Wednesday, February 14, 2007

Words of Widsom from the Colberrrrre Reporrrrre
(Mrs. Coal-burt's little Stevie gives the Wag of the Finger to Australian Prime Minister John Howard):
I must admit to being completely on side with both sides of the coin that Colbert is gleefully tossing around here. The sad comment on this sketch is that once upon a time Americans were prepared to stand tall against any foreign hatchet-job on any American whether or not we agreed with him/her, as part of the old doctrine of politics stopping at the water's edge.

In a transformation of political culture absolutely without precedent in the country's history, the American left has overwhelmingly discarded this principle-- not just tolerating, or encouraging, the trashing of their political opponents by any and all foreign voices-- they will even go so far as to join in the bash-and-trash chorus when visiting abroad, knifing their opposition in the back and tearing down their own country, to the gloating glee of both fickle allies and sworn enemies. Colbert strikes a patriotic chord in his smack-down of John Howard. As much as I agree with Howard's assessment of Obama's (and others') flagrantly stupid ideas about timetables for surrender, the smack-down feels sorta right. But it is a woeful, shameful comment on the politics of 2007 that there isn't a micro-particle of bipartisanship in Colbert's protective reflexes. Bush-bashing is a global competitive sport in which the American left is happy to take the laurels home.

Addendum:

Mr. Colbert might also want to contemplate the inconvenient truth that Mr. Howard's pugnacious pronouncement about the Obamacrats was not quite the presumptuous intrusion on America's domestic business as was implied. Part of the reason an Australian official takes it upon himself to comment on the positions of American political candidates is that he at least is aware [unlike so very many lefty Americans] that what happens in American electoral politics has implications for the entire world.

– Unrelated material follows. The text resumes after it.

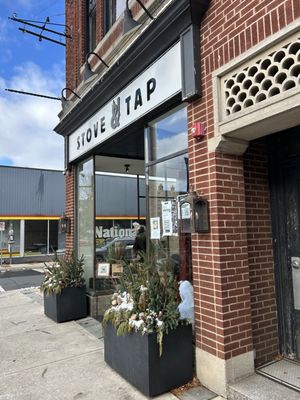 Stove & Tap Lansdale by null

It matters to every living being whether the one remaining superpower is committed to fighting terrorism, or will opt to take the spectator's back seat while terrorists continue to attack innocents all around the globe-- as they have been doing for decades, in countries which are not and never have been friends of the American Republican party. There is a sense in which John Kerry's infamous "global test" actually has meaning-- on the question of whether America will choose isolationism and treat global terrorism as if it's someone else's problem until the next time it topples a tower in a Stateside metropolis-- and in that sense, it's a test the Democratic party is committed to failing.

Australia is a land mass of several hundred thousand more square miles than the United States, with a population equivalent to that of New York State. Their near neighbour Indonesia has the highest Muslim population in the world and since the 1960's has been home to an active terrorist movement (now tied to Al Qaeda and possibly the Indonesian military), one which made its first big news-splash on Christmas Eve of 2000, with bombs planted in 38 separate locations ASSOCIATED WITH CHRISTIAN CHURCHES. [The plot was discovered and only 18 bombs went off, killing 19 and injuring over 100.]

Australians have been looking over their shoulders at the Islamist threat since George Bush was getting C's at Yale. The Indonesian Christmas Eve attack was planned and executed during the Clinton administration-- Bush had been President-elect for a week and a half. In other words (newsflash!) George W. Bush did not invent Islamist terrorism. And, leftist ululating notwithstanding, Bush has probably done very little to make it worse-- he's just shoved it into the open. Coptic Christians have been butchered at Mass in Egypt (April 1997 -- Governor Bush is busy announcing 7th annual Sky Awareness Week in Texas);
tourists have been taken hostage from a Malaysian beach by Philippines-based terrorists in speed-boats (April 2000 -- Bush still campaigning in Republican primaries). Further down the road, Christian girls go on being beheaded in Indonesia (October 2005); a priest here (Turkey) a nun there (Pakistan) get murdered by Islamists in the 2006 cartoon jihad -- and Bush's fingerprints are NOWHERE on this mess.

Who is making American foreign policy could be a life-and-death matter for Australia, and they are increasingly alone in recognizing this. So let's cut the little sawed-off wallaby some slack.